• [Exercise goal]
From the entries that follow, reproduce exactly and only the lines from the line with "Il a été condamné" to the line with "Pave Diamond zweifarbiger", endpoints included.

• [Available data]
::::

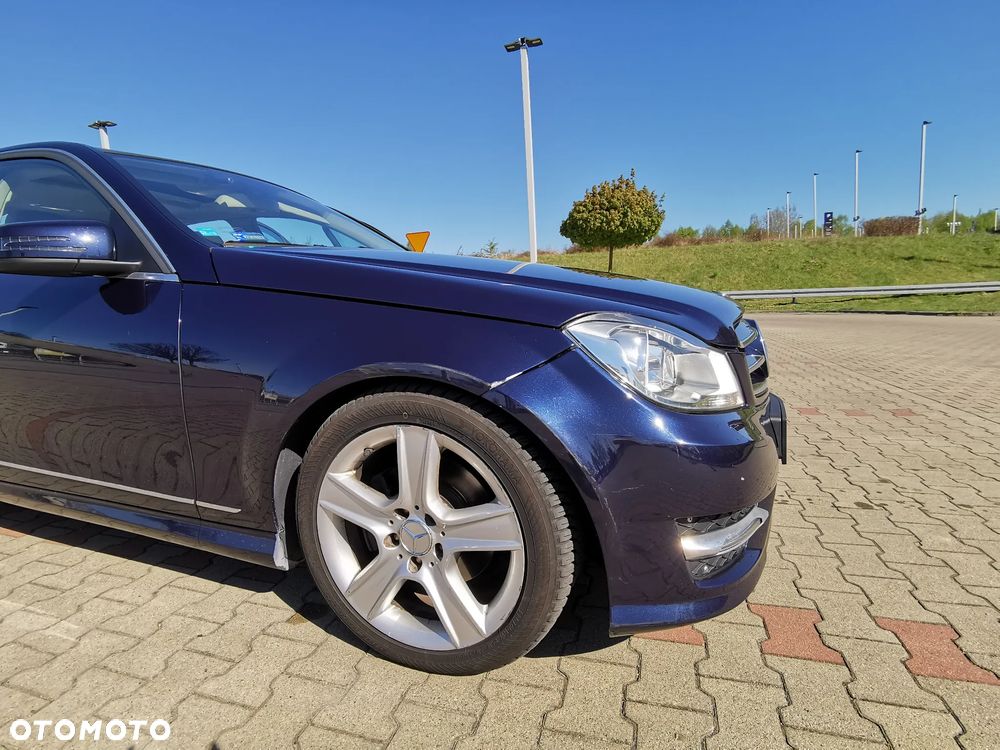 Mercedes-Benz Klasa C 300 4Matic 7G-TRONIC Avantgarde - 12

::::

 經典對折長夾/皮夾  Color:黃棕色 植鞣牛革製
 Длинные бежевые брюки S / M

::::

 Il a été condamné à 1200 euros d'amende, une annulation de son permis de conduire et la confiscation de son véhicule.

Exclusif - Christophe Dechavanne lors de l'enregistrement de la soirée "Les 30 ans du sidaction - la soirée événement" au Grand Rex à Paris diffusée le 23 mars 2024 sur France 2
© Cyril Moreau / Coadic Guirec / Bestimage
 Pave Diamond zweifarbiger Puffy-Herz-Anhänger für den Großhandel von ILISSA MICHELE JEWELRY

::::

• [Output]
 Il a été condamné à 1200 euros d'amende, une annulation de son permis de conduire et la confiscation de son véhicule.

Exclusif - Christophe Dechavanne lors de l'enregistrement de la soirée "Les 30 ans du sidaction - la soirée événement" au Grand Rex à Paris diffusée le 23 mars 2024 sur France 2
© Cyril Moreau / Coadic Guirec / Bestimage
 Pave Diamond zweifarbiger Puffy-Herz-Anhänger für den Großhandel von ILISSA MICHELE JEWELRY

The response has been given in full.